Image-text web data
++++++++
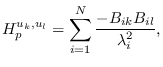 $\displaystyle H_p^{u_k, u_l} =
\sum_{i=1}^N \frac{-B_{ik}B_{il}}{\lambda_i^2},$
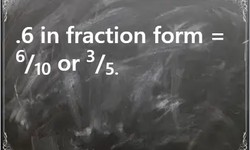 Demystifying .6 as a Fraction: A Mathematical Breakdown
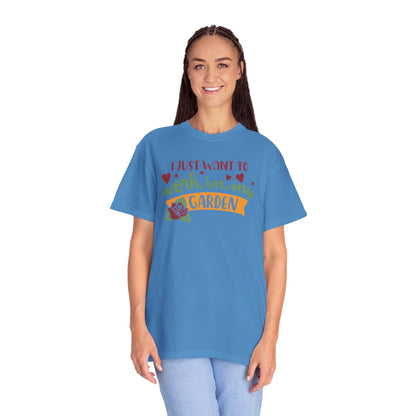 I Just Want To Work In My Garden Plant Enthusiasts Flower Lovers Tee Green Therapy Gardener Leafy Love Unisex Heavy Cotton T-Shirt
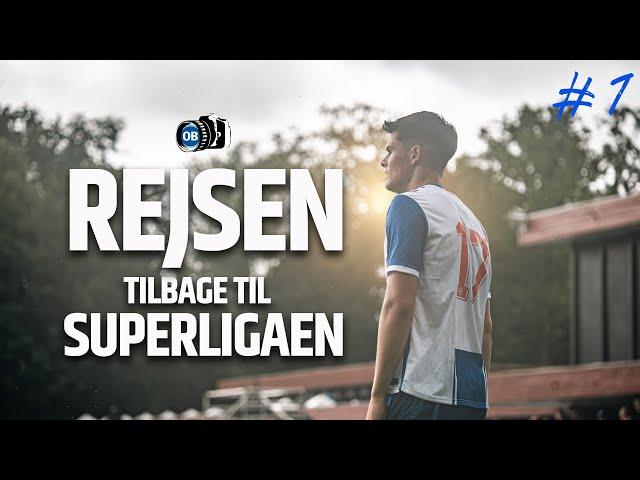 REJSEN TILBAGE TIL SUPERLIGAEN - OPSTARTEN #1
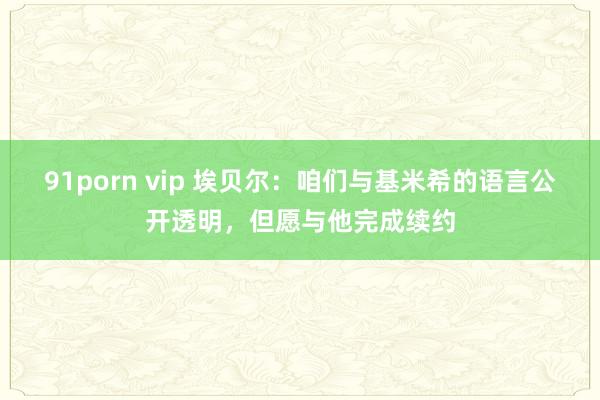 91porn vip 埃贝尔：咱们与基米希的语言公开透明，但愿与他完成续约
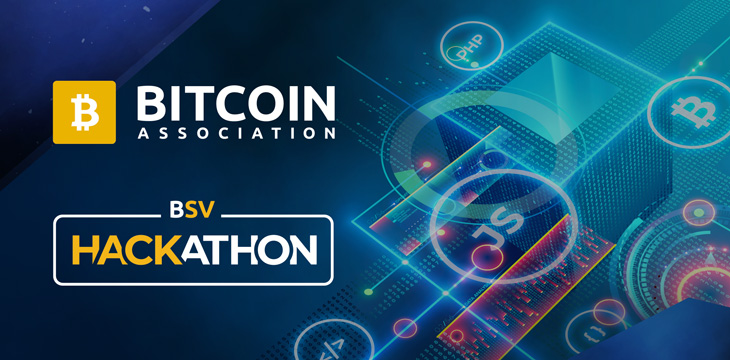 Bitcoin Association 2020 Bitcoin SV Hackathon set to dole out $100K USD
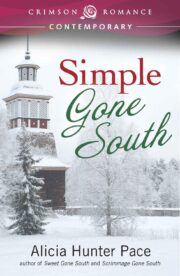 Alicia Pace - Simple Gone South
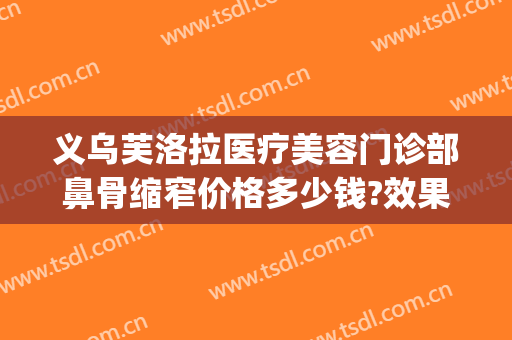 义乌芙洛拉医疗美容门诊部鼻骨缩窄价格多少钱?效果怎么样?(义乌芙洛拉整形)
++++++++
Required work:
Reproduce the lines from the one holding "I Just Want" through the end of the entries above exactly, keeping both ends and dropping every picture.

Your response:
 I Just Want To Work In My Garden Plant Enthusiasts Flower Lovers Tee Green Therapy Gardener Leafy Love Unisex Heavy Cotton T-Shirt
 REJSEN TILBAGE TIL SUPERLIGAEN - OPSTARTEN #1
 91porn vip 埃贝尔：咱们与基米希的语言公开透明，但愿与他完成续约
 Bitcoin Association 2020 Bitcoin SV Hackathon set to dole out $100K USD
 Alicia Pace - Simple Gone South
 义乌芙洛拉医疗美容门诊部鼻骨缩窄价格多少钱?效果怎么样?(义乌芙洛拉整形)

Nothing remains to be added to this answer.